BRIEF -
Word for word, restate the records that come after this.

EXCERPTED RECORDS -

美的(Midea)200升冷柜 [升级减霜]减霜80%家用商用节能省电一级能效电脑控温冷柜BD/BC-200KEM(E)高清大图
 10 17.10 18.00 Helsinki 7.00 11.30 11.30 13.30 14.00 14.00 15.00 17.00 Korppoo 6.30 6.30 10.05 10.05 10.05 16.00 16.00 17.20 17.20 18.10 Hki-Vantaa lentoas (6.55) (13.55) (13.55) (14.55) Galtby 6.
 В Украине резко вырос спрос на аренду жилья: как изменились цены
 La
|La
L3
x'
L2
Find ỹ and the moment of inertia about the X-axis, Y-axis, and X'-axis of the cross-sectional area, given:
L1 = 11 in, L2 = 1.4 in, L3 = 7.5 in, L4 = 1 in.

ANSWER TO THIS PROBLEM -
美的(Midea)200升冷柜 [升级减霜]减霜80%家用商用节能省电一级能效电脑控温冷柜BD/BC-200KEM(E)高清大图
 10 17.10 18.00 Helsinki 7.00 11.30 11.30 13.30 14.00 14.00 15.00 17.00 Korppoo 6.30 6.30 10.05 10.05 10.05 16.00 16.00 17.20 17.20 18.10 Hki-Vantaa lentoas (6.55) (13.55) (13.55) (14.55) Galtby 6.
 В Украине резко вырос спрос на аренду жилья: как изменились цены
 La
|La
L3
x'
L2
Find ỹ and the moment of inertia about the X-axis, Y-axis, and X'-axis of the cross-sectional area, given:
L1 = 11 in, L2 = 1.4 in, L3 = 7.5 in, L4 = 1 in.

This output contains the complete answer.